2. Covenants, Representations and Warranties of the Company. The Company hereby covenants as follows and, except as set forth on Schedule I hereto, makes the following representations and warranties, each of which is and shall be true and correct on the date hereof and, in all material respects, at the Closing Date, to the Holder, and all such covenants, representations and warranties shall survive the Closing.

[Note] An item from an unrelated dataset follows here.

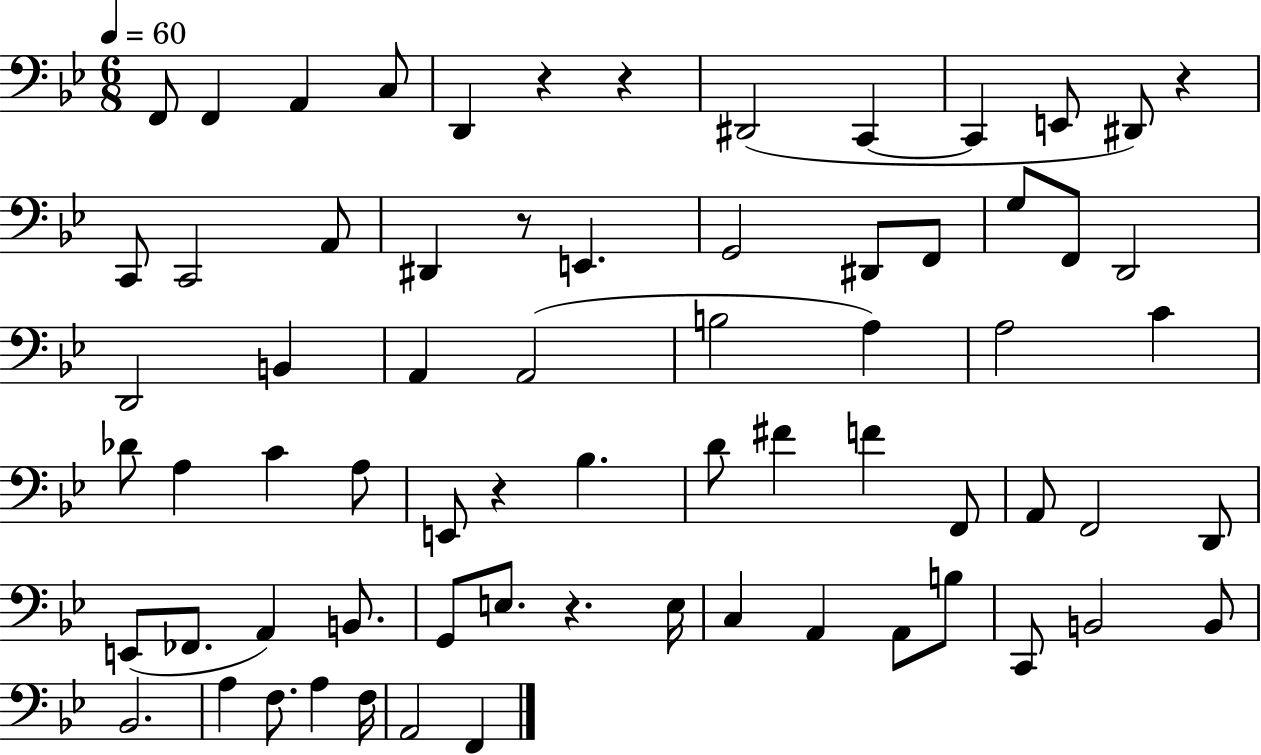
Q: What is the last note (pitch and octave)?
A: F2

(a) Due Incorporation; Qualification. The Company (i) is a corporation duly organized, validly existing and in good standing under the laws of its jurisdiction of organization; (ii) has the power and authority to own, lease and operate its properties and carry on its business as now conducted; and (iii) is duly qualified, licensed to do business and in good standing as a foreign corporation in each jurisdiction where such qualification or license is required by law, other than those jurisdictions as to which the failure to be so qualified or in good standing could not reasonably be expected to have a material adverse effect on the Company and its subsidiaries taken as a whole.
(b) Authority; Enforceability. The execution, delivery and performance by the Company of this Agreement and the consummation of the Exchange (i) are within the corporate power of the Company and (ii) have been duly authorized by all necessary corporate action on the part of the Company. This Agreement has been duly executed and delivered by the Company and constitutes a legal, valid and binding obligation of the Company, enforceable against the Company in accordance with its terms, except as limited by bankruptcy, insolvency, reorganization, moratorium or other similar laws relating to or affecting the enforcement of creditors’ rights generally and general principles of equity (regardless of whether such enforceability is considered in a proceeding in equity or at law).

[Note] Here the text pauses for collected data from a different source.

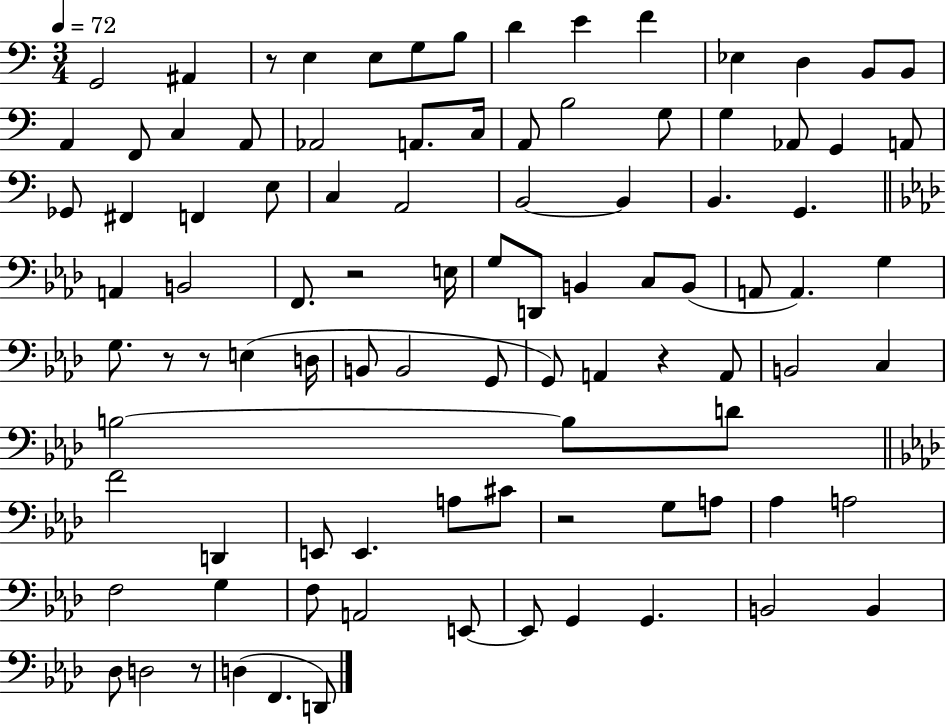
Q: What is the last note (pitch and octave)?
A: D2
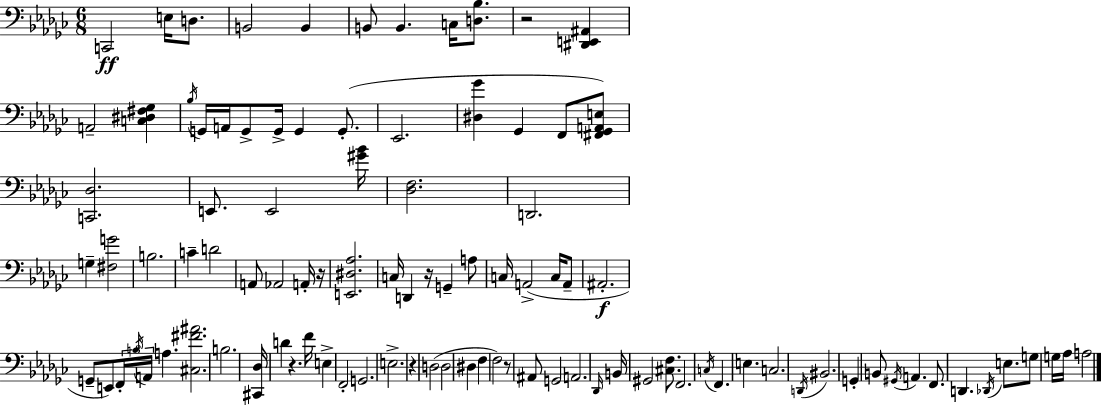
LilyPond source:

{
  \clef bass
  \numericTimeSignature
  \time 6/8
  \key ees \minor
  \repeat volta 2 { c,2\ff e16 d8. | b,2 b,4 | b,8 b,4. c16 <d bes>8. | r2 <dis, e, ais,>4 | \break a,2-- <c dis fis ges>4 | \acciaccatura { bes16 } g,16 a,16 g,8-> g,16-> g,4 g,8.-.( | ees,2. | <dis ges'>4 ges,4 f,8 <fis, ges, a, e>8) | \break <c, des>2. | e,8. e,2 | <gis' bes'>16 <des f>2. | d,2. | \break g4-- <fis g'>2 | b2. | c'4-- d'2 | a,8 aes,2 a,16-. | \break r16 <e, dis aes>2. | c16 d,4 r16 g,4-- a8 | c16 a,2->( c16 a,8-- | ais,2.-.\f | \break g,8-- e,8) \tuplet 3/2 { f,16-. \acciaccatura { b16 } a,16 } a4. | <cis fis' ais'>2. | b2. | <cis, des>16 d'4 r4. | \break f'16 e4-> f,2-. | g,2. | e2.-> | r4 d2( | \break d2 dis4 | f4 f2) | r8 ais,8 g,2 | a,2. | \break \grace { des,16 } b,16 gis,2 | <cis f>8. f,2. | \acciaccatura { c16 } f,4. e4. | c2. | \break \acciaccatura { d,16 } bis,2. | g,4-. b,8 \acciaccatura { gis,16 } | a,4. f,8. d,4. | \acciaccatura { des,16 } e8. g8 g16 aes16 a2 | \break } \bar "|."
}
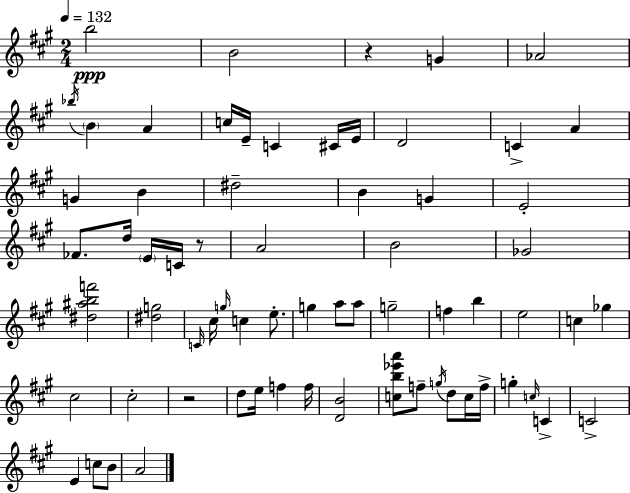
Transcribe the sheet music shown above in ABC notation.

X:1
T:Untitled
M:2/4
L:1/4
K:A
b2 B2 z G _A2 _b/4 B A c/4 E/4 C ^C/4 E/4 D2 C A G B ^d2 B G E2 _F/2 d/4 E/4 C/4 z/2 A2 B2 _G2 [^d^abf']2 [^dg]2 C/4 ^c/4 g/4 c e/2 g a/2 a/2 g2 f b e2 c _g ^c2 ^c2 z2 d/2 e/4 f f/4 [DB]2 [cb_e'a']/2 f/2 g/4 d/2 c/4 f/4 g c/4 C C2 E c/2 B/2 A2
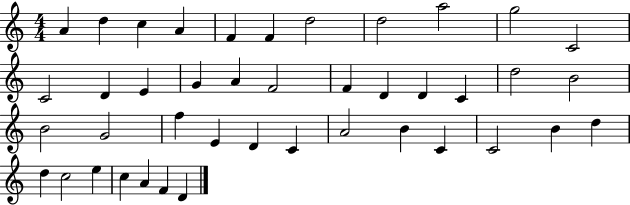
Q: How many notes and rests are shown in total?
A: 42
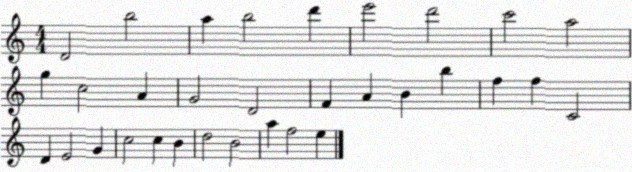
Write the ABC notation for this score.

X:1
T:Untitled
M:4/4
L:1/4
K:C
D2 b2 a b2 d' e'2 d'2 c'2 a2 g c2 A G2 D2 F A B b f f C2 D E2 G c2 c B d2 B2 a f2 e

(c) Non-Contravention. The execution and delivery by the Company of this Agreement and the performance and consummation of the transactions contemplated hereby do not (i) violate the Company’s Certificate of Incorporation, Bylaws or other formation or charter documents, as applicable (as amended, the “Charter Documents”), (ii) violate any material judgment, order, writ, decree, statute, rule or regulation applicable to the Company; (iii) result in the breach of any material provision of or in the acceleration of, or entitle any other person to accelerate (whether after the giving of notice or lapse of time or both), any material mortgage, indenture, agreement, instrument or contract to which the Company is a party or by which it is bound; or (iv) result in the creation or imposition of any lien or encumbrance upon any property, asset or revenue of the Company under any material agreement or instrument to which the Company is bound.

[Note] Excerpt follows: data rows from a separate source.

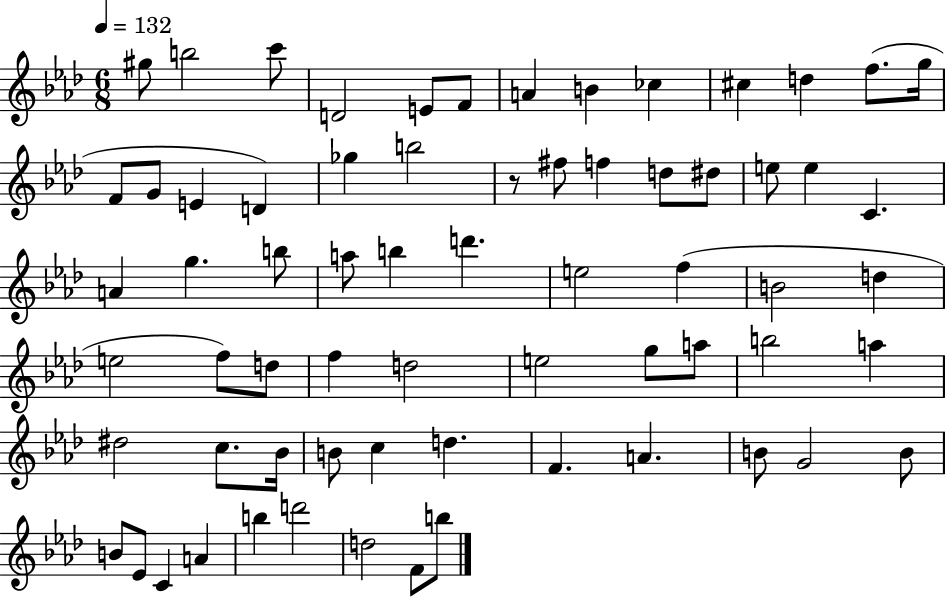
{
  \clef treble
  \numericTimeSignature
  \time 6/8
  \key aes \major
  \tempo 4 = 132
  gis''8 b''2 c'''8 | d'2 e'8 f'8 | a'4 b'4 ces''4 | cis''4 d''4 f''8.( g''16 | \break f'8 g'8 e'4 d'4) | ges''4 b''2 | r8 fis''8 f''4 d''8 dis''8 | e''8 e''4 c'4. | \break a'4 g''4. b''8 | a''8 b''4 d'''4. | e''2 f''4( | b'2 d''4 | \break e''2 f''8) d''8 | f''4 d''2 | e''2 g''8 a''8 | b''2 a''4 | \break dis''2 c''8. bes'16 | b'8 c''4 d''4. | f'4. a'4. | b'8 g'2 b'8 | \break b'8 ees'8 c'4 a'4 | b''4 d'''2 | d''2 f'8 b''8 | \bar "|."
}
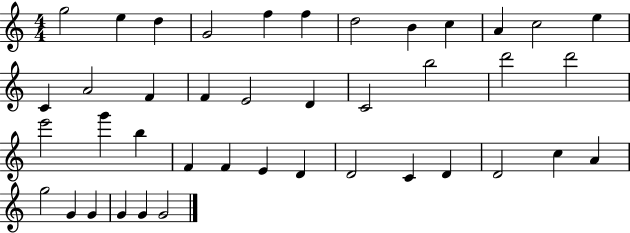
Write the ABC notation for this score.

X:1
T:Untitled
M:4/4
L:1/4
K:C
g2 e d G2 f f d2 B c A c2 e C A2 F F E2 D C2 b2 d'2 d'2 e'2 g' b F F E D D2 C D D2 c A g2 G G G G G2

(d) Litigation. Subject to Schedule I hereto, no actions (including, without limitation, derivative actions), suits, proceedings or investigations are pending or, to the knowledge of the Company, threatened in writing against the Company or the Company’s subsidiaries, if any, at law or in equity in any court or before any other governmental authority.
(e) Title. The Company and the Company’s subsidiaries own and have good and marketable title in fee simple absolute to, or a valid leasehold in, all their respective real properties, if any, and good title to their other respective assets and properties. Such assets and properties are subject to no liens or encumbrances.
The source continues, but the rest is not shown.